◆ Problem: Could you repeat every record below exactly, leaving out the pictures?

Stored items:
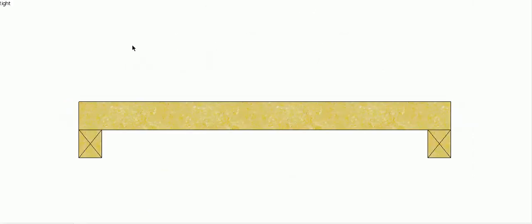G'day and welcome back to Buildsum. In this video I just want to go through the difference between a single span beam and a continuous span beam.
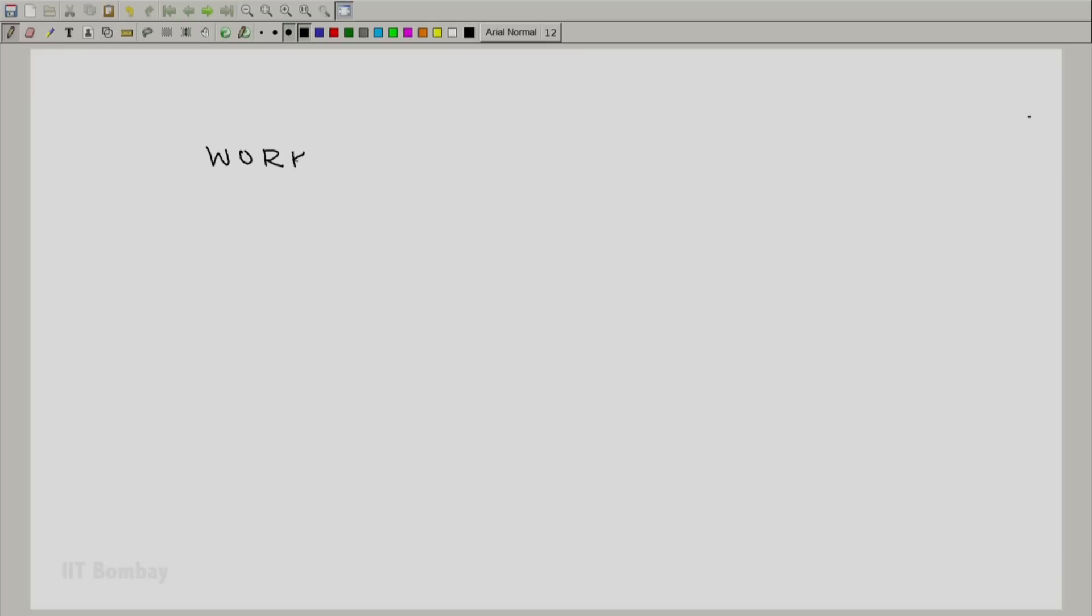Welcome. We now look at the first of the two interactions that we are going to study, the work interaction.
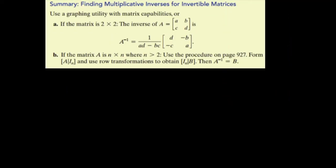We're going to look at the inverses of higher-order, higher-dimension matrices. We did 2x2s, 3x3s, 4x4s — how do we handle those? This is a summary: if it's a 2x2, it's 1 over the determinant of A, switch these two and take the opposite. If the matrix A is n by n where n is greater than 2, it has to be a square matrix — use this procedure: write matrix A next to the identity matrix, use row transformations to change A on the left into the identity matrix, and whatever's left on the right is the inverse.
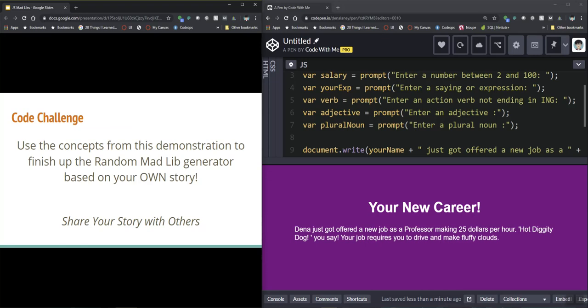Okay so good luck and I'm very excited to see what you come up with. If you are a student in my class we will definitely be sharing this. If you are a YouTube watcher please send a comment with the cool madlibs that you've created today. Thanks bye.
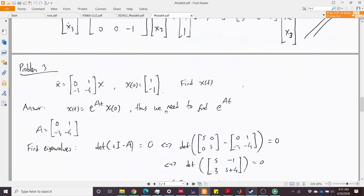The next couple of problems relate to finding the time-domain solution of a state space system. We have differential equations with a given initial condition x(0) and want to find the trajectory of the states. We have a 2×2 A matrix, so there are two states x1 and x2. There is no external input, so this is a natural response.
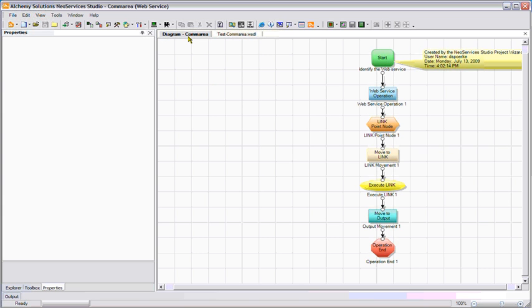As you can see, it's just that easy and just that quick to create web services from standard COBOL comarea applications. NeoServices from Alchemy Solutions.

◆ Task response:
G'day and welcome back to Buildsum. In this video I just want to go through the difference between a single span beam and a continuous span beam.
Welcome. We now look at the first of the two interactions that we are going to study, the work interaction.
We're going to look at the inverses of higher-order, higher-dimension matrices. We did 2x2s, 3x3s, 4x4s — how do we handle those? This is a summary: if it's a 2x2, it's 1 over the determinant of A, switch these two and take the opposite. If the matrix A is n by n where n is greater than 2, it has to be a square matrix — use this procedure: write matrix A next to the identity matrix, use row transformations to change A on the left into the identity matrix, and whatever's left on the right is the inverse.
Okay so good luck and I'm very excited to see what you come up with. If you are a student in my class we will definitely be sharing this. If you are a YouTube watcher please send a comment with the cool madlibs that you've created today. Thanks bye.
The next couple of problems relate to finding the time-domain solution of a state space system. We have differential equations with a given initial condition x(0) and want to find the trajectory of the states. We have a 2×2 A matrix, so there are two states x1 and x2. There is no external input, so this is a natural response.
As you can see, it's just that easy and just that quick to create web services from standard COBOL comarea applications. NeoServices from Alchemy Solutions.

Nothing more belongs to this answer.